__Information shown__:

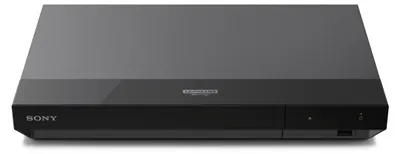 Produktbild von Sony UBP-X700/K, 4K Ultra HD, 1080p, 2160p, 4:3, 16:9, Netflix, DSD, DTS, DTS 5.1, DTS Neo:6, DTS-HD, DTS-HD HR, DTS-HD Master Audio, DTS-HD Master Audio 5.1,..., 7.1 Kanäle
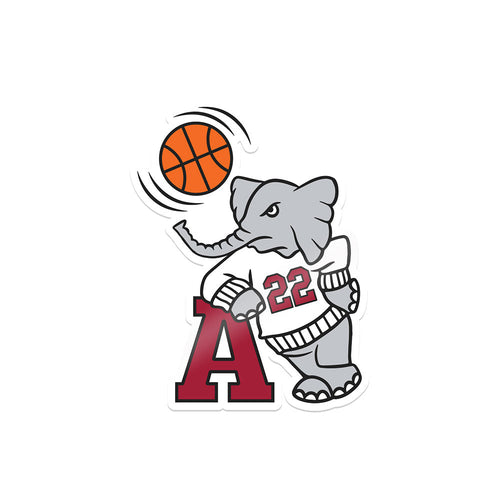 Alabama - Mens Basketball Alumni : Andrew Steele - Sticker T-Shirts, Hoodie, Sweatshirt | PureTeeCo.com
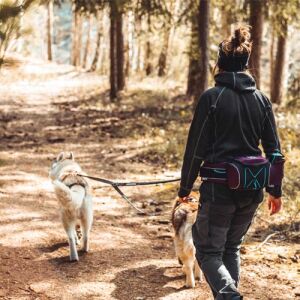 TREKKING ÖVTÁSKA – Non-stop (lila / fekete) 134687526 - Öltözködés kiegészítő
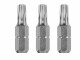 kwb Bit-Set Torx T20 3-teilig, Set: Ja, Bit-Typ: Torx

__Aim of the task__:
The response should hold only an exact retyping of the lines from the beginning of the data through the line containing "TREKKING ÖVTÁSKA –", both ends kept, pictures omitted.

__Response to this task__:
 Produktbild von Sony UBP-X700/K, 4K Ultra HD, 1080p, 2160p, 4:3, 16:9, Netflix, DSD, DTS, DTS 5.1, DTS Neo:6, DTS-HD, DTS-HD HR, DTS-HD Master Audio, DTS-HD Master Audio 5.1,..., 7.1 Kanäle
 Alabama - Mens Basketball Alumni : Andrew Steele - Sticker T-Shirts, Hoodie, Sweatshirt | PureTeeCo.com
 TREKKING ÖVTÁSKA – Non-stop (lila / fekete) 134687526 - Öltözködés kiegészítő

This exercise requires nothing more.